Re: Disclosure of vulns and its legal aspects...

True, that might be a better idea, send everything you have found and
make no further contact.

Isn't it a great shame that we find it dangerous and difficult to
inform organisations that their security has holes in it? Why do they
immediately jump on the offensive and accuse the good Samaritan of
hacking? Just accept the information and make yourself more secure!

I suppose that sometimes, they just don't deserve the help.

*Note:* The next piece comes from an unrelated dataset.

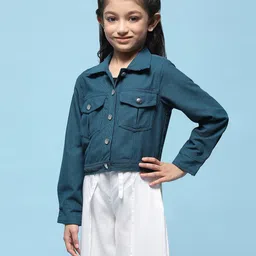 BIBA Full Sleeves Solid Jacket - Teal Blue-image-10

On 5/30/07, Steve Friedl <steve@xxxxxxxxxxx> wrote:
On Wed, May 30, 2007 at 09:14:39AM +0100, Lee Lawson wrote:
> I would personally create an anoymous email account and send them some
> information stating that you are a penetration tester that 'happened'
> upon a possible security flaw in their website, but because of the
> state of fear that some unenlightened organisations have about this
> type of situation, you wish to remain anonymous at this point. Then
> explain that if they are open to increasing the security of their
> website, you will gladly analyse the security flaw further and give
> them full disclosure, on the basis that you will be given written
> permission prior to continuing further.

I hardly think that "written permission" granted after what would be
received as an extortion attempt would be valid.

If you are really intent on helping the party that's insecure, then the
only quasi-safe way to do it is to send an anonymous report that has all
the details, shows them how to reproduce the issue themselves, and urge
them to contact their local security experts to have this looked at.

The ONLY CHANCE of having your message being taken seriously is if there
is no question about your motives, and the only way to attempt that is to
remove yourself from the loop once you've sent off the report. That means
no ongoing contact, no payment, no work. You leave it to them to fix.

Even this is no guarantee - the great majority of unsolicited security
reports is ignored even if presented clearly and with an unambiguous
message disclaiming any personal gain.

It's really just not worth the trouble.


Stephen J Friedl | Security Consultant | UNIX Wizard | +1 714 544-6561 | Tustin, Calif. USA | Microsoft MVP | steve@xxxxxxxxxxx

Lee J Lawson

"Give a man a fire, and he'll be warm for a day; set a man on fire,
and he'll be warm for the rest of his life."

"Quidquid latine dictum sit, altum sonatur."